Prompt: In the entries below, find the line with "calibrate是什么意思" and the line with "Fall For Jesus". Repeat exactly everything between them, those two lines included, but not the pictures.

Source material:
--------

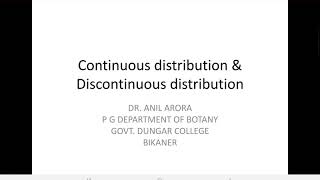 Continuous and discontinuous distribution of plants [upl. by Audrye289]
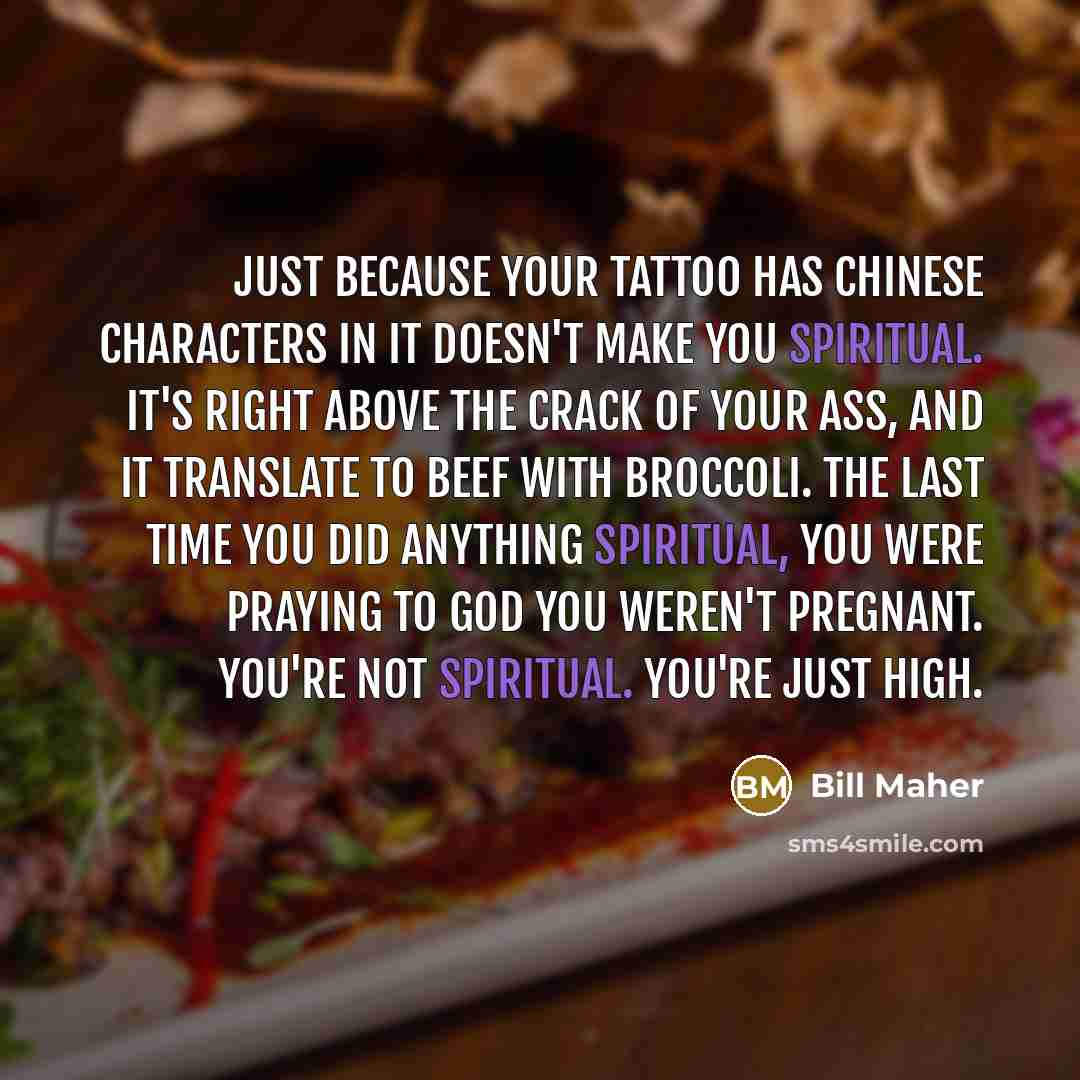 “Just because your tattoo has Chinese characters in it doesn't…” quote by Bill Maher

--------

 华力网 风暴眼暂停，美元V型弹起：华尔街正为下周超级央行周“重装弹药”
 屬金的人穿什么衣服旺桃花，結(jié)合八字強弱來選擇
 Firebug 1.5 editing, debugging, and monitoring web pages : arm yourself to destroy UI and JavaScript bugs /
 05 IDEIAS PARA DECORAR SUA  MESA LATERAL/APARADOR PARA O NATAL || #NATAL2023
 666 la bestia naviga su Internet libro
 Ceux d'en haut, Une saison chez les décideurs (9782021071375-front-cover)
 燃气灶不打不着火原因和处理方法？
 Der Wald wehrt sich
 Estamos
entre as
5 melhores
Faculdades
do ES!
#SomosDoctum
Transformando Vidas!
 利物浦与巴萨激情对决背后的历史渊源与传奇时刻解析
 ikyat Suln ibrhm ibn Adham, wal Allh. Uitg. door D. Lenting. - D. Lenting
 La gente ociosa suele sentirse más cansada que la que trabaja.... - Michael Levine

--------

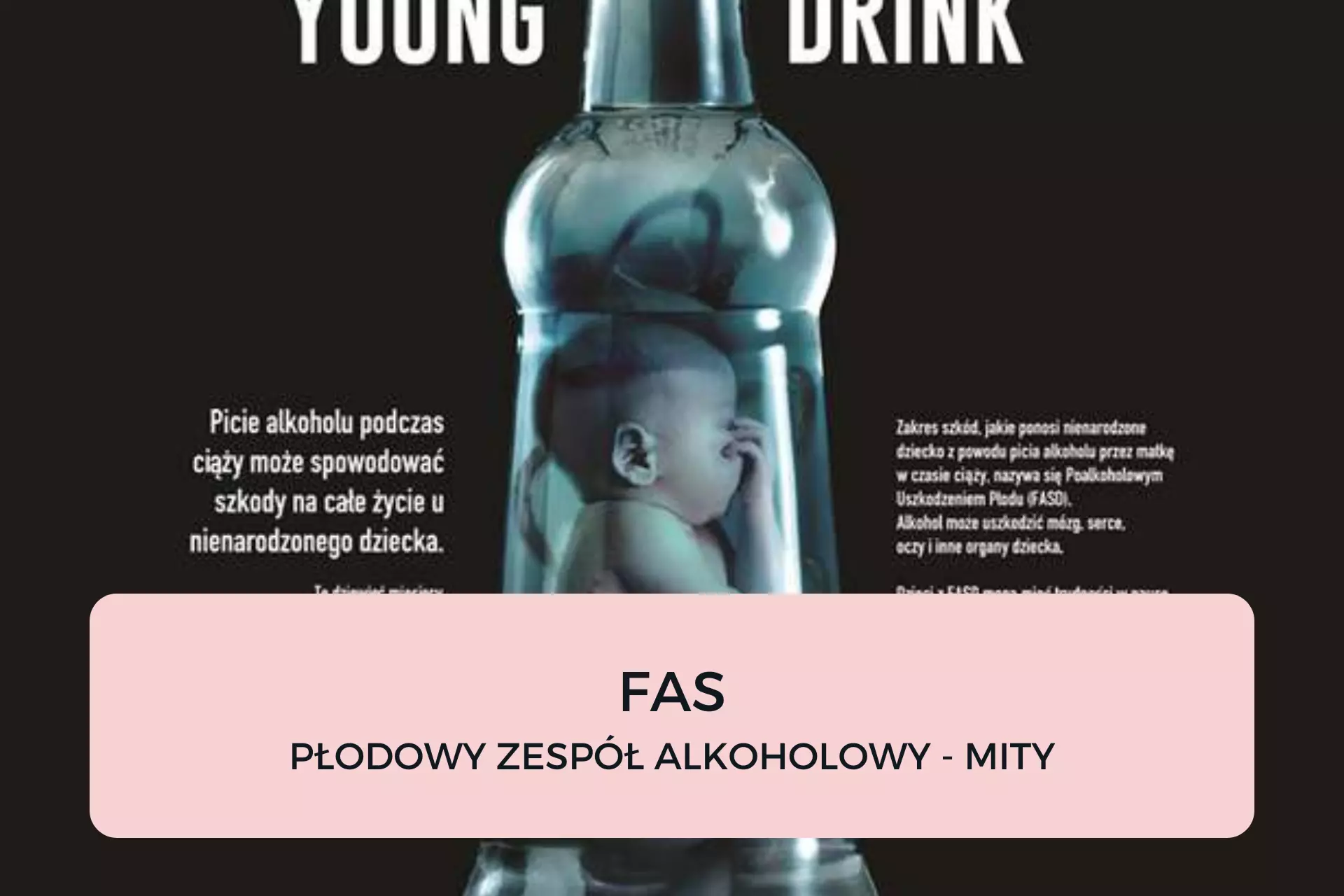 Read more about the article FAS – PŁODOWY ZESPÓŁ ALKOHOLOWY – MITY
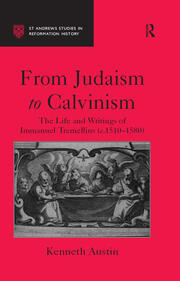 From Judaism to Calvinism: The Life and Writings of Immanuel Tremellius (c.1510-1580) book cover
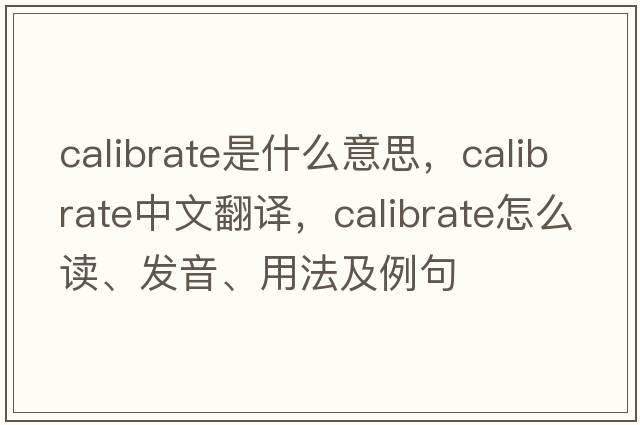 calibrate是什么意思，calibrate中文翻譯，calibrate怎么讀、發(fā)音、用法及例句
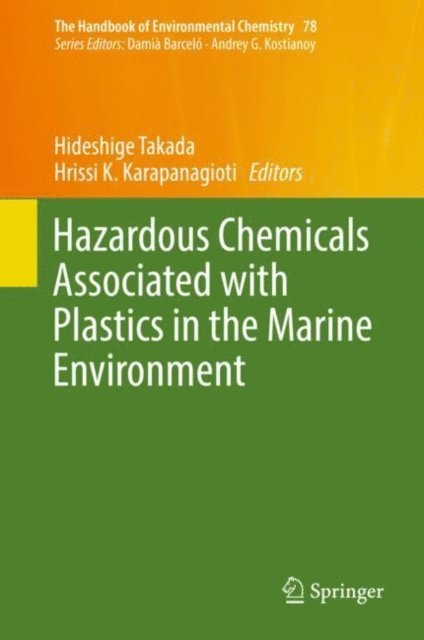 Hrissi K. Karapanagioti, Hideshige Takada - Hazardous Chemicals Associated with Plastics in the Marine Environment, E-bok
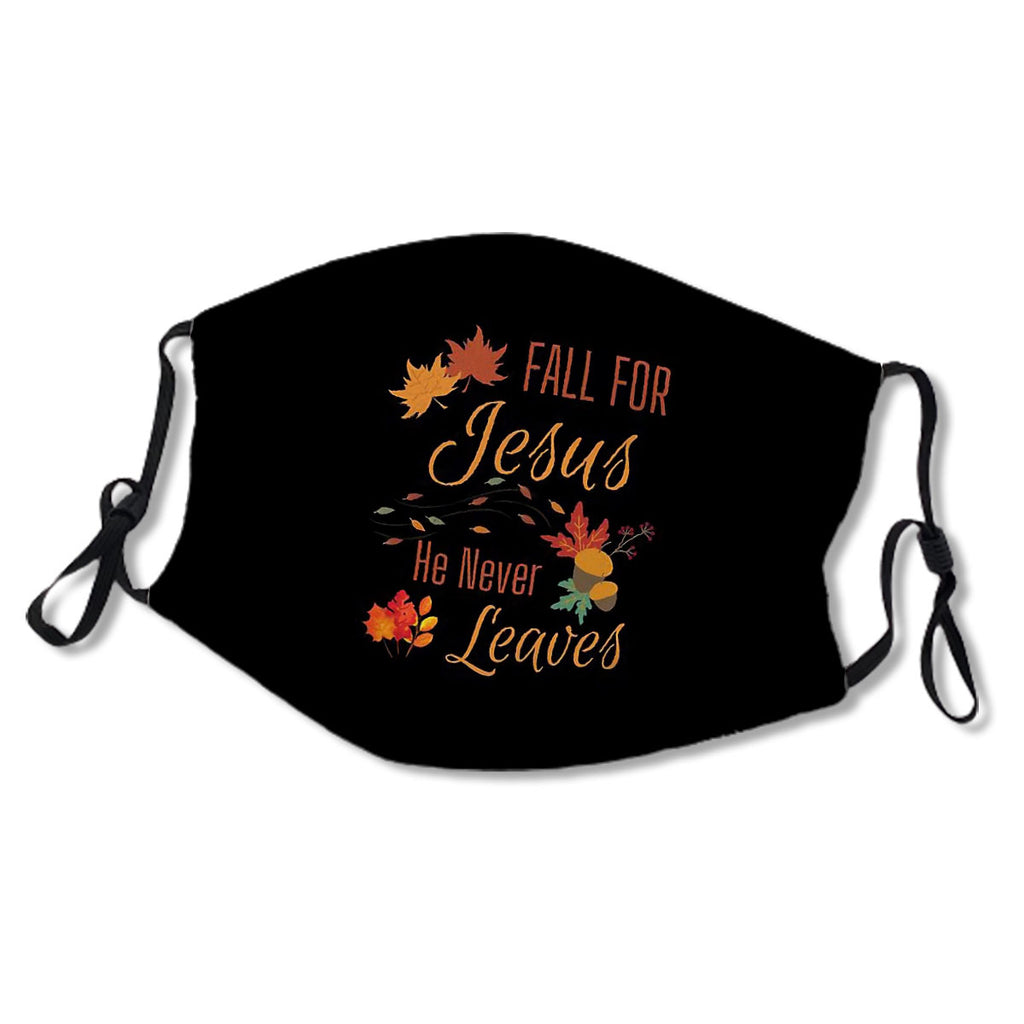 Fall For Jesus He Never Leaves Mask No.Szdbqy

--------

Task result:
 calibrate是什么意思，calibrate中文翻譯，calibrate怎么讀、發(fā)音、用法及例句
 Hrissi K. Karapanagioti, Hideshige Takada - Hazardous Chemicals Associated with Plastics in the Marine Environment, E-bok
 Fall For Jesus He Never Leaves Mask No.Szdbqy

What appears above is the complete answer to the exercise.